[Dataset items]
────────────────────────────────────────
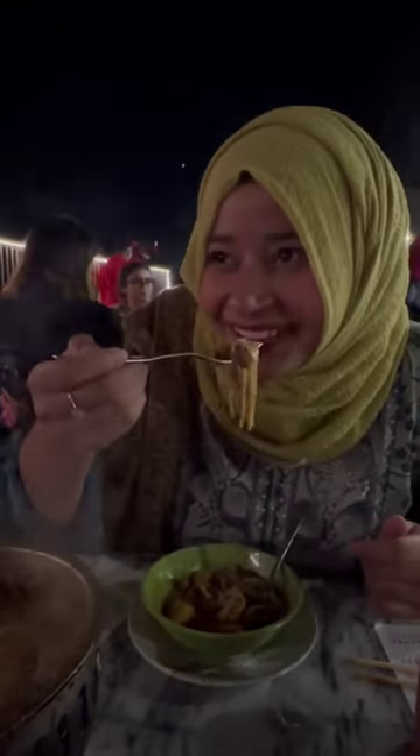So first of all, I tried the chopsticks. So do give it a try. Bye!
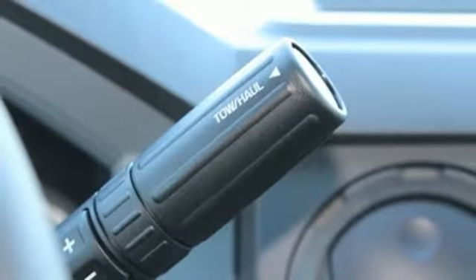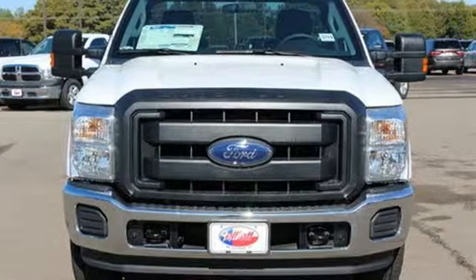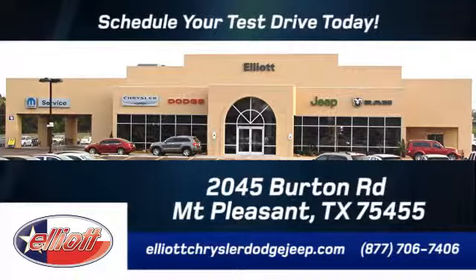This is the truck other trucks look up to. Check it out for yourself today. Elliott Chrysler Dodge Jeep — schedule your test drive today. We are located just off I-30 on Burton Road in Mount Pleasant.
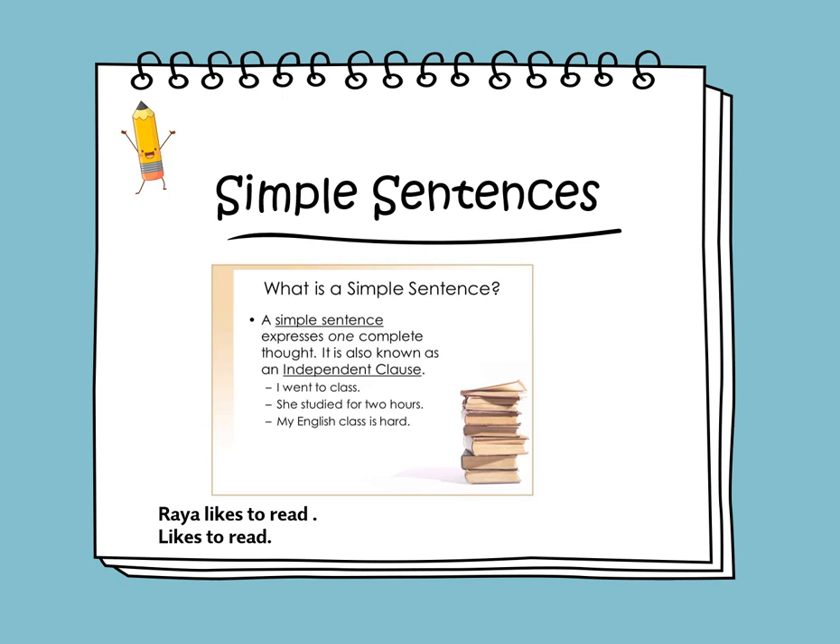The sentence 'Raya likes to read' expresses a complete idea or complete thought. But if we only say 'likes to read,' did we understand who likes to read? Maybe my dad, maybe my brother. So it does not express a complete thought or complete idea — we are missing who the sentence is about.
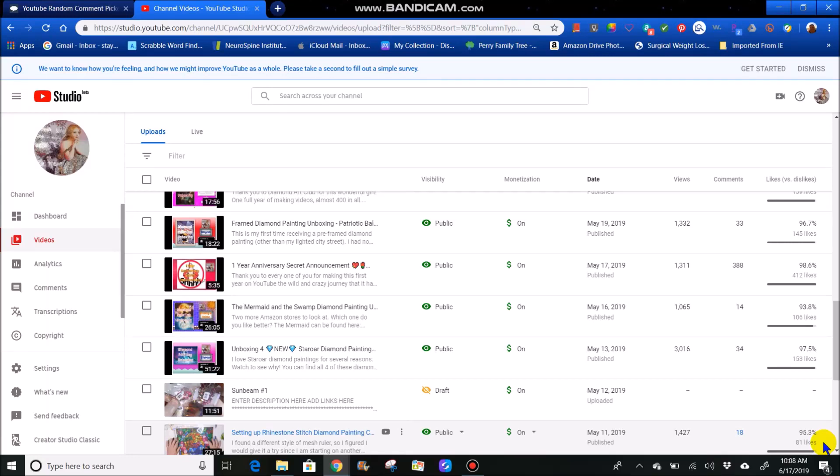Good morning, everyone. It is Monday, June 17th, and I'm a couple days late doing this drawing, but I am here and ready to see who the winners are for my 7,000 subscriber giveaway.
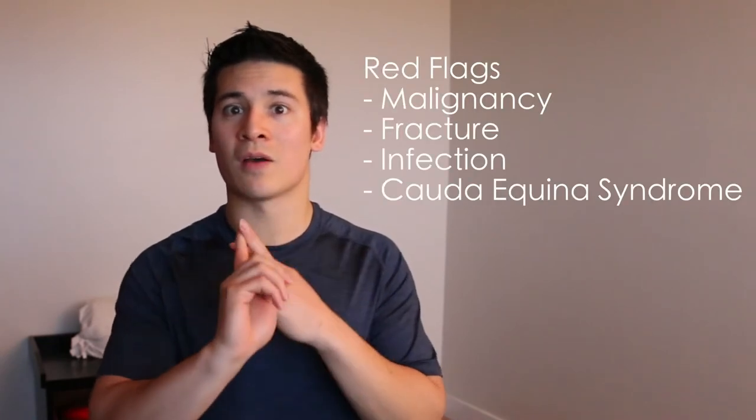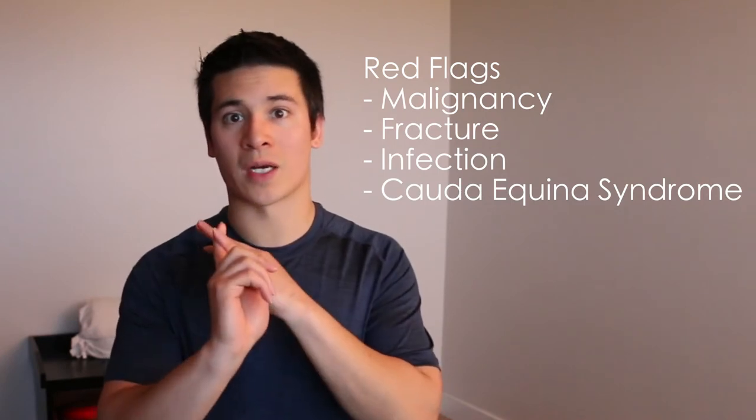Red flags are a series of questions used to screen for serious pathology in low back pain. These are typically categorized into four different categories: malignancy, fracture, infection, and cauda equina syndrome. For patient-entered red flags, the study found that for malignancy, a history of cancer had the highest specificity and sensitivity rate.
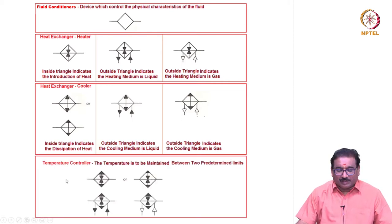For the temperature controller, the temperature is to be maintained between two predetermined limits. This device functions as both a heater and a cooler. When the cooling and heating medium is water, or alternatively when it is air, the appropriate symbol is used.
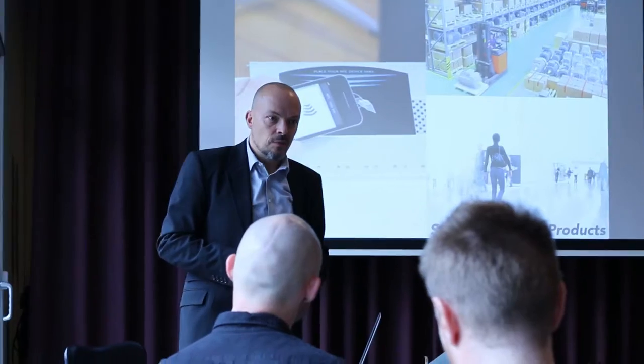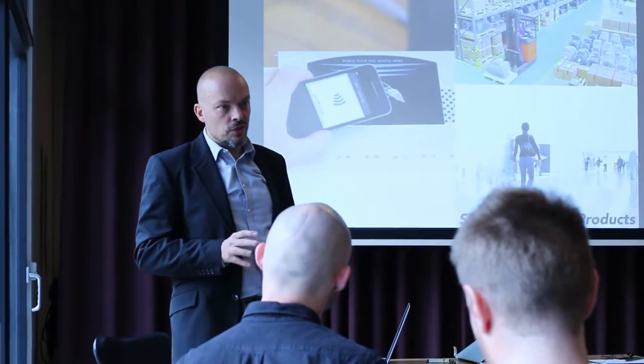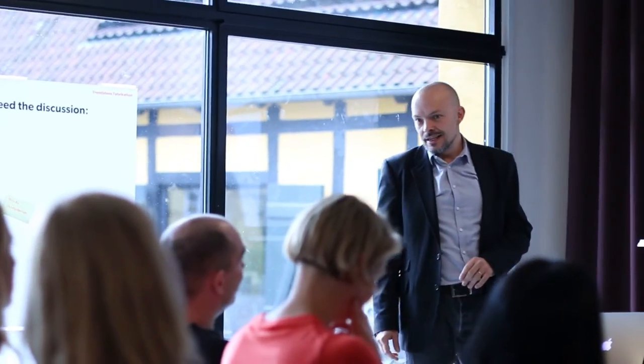My name is Morten Wagner and I'm heading the IADEMO lab department in Delta. IADEMO lab specializes in helping companies develop ideas and concepts for future high-tech smart products.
────────────────────────────────────────
Please transcribe all of the records above exactly, leaving out any pictures.

-- RESULT --
So first of all, I tried the chopsticks. So do give it a try. Bye!
This is the truck other trucks look up to. Check it out for yourself today. Elliott Chrysler Dodge Jeep — schedule your test drive today. We are located just off I-30 on Burton Road in Mount Pleasant.
The sentence 'Raya likes to read' expresses a complete idea or complete thought. But if we only say 'likes to read,' did we understand who likes to read? Maybe my dad, maybe my brother. So it does not express a complete thought or complete idea — we are missing who the sentence is about.
Good morning, everyone. It is Monday, June 17th, and I'm a couple days late doing this drawing, but I am here and ready to see who the winners are for my 7,000 subscriber giveaway.
Red flags are a series of questions used to screen for serious pathology in low back pain. These are typically categorized into four different categories: malignancy, fracture, infection, and cauda equina syndrome. For patient-entered red flags, the study found that for malignancy, a history of cancer had the highest specificity and sensitivity rate.
For the temperature controller, the temperature is to be maintained between two predetermined limits. This device functions as both a heater and a cooler. When the cooling and heating medium is water, or alternatively when it is air, the appropriate symbol is used.
My name is Morten Wagner and I'm heading the IADEMO lab department in Delta. IADEMO lab specializes in helping companies develop ideas and concepts for future high-tech smart products.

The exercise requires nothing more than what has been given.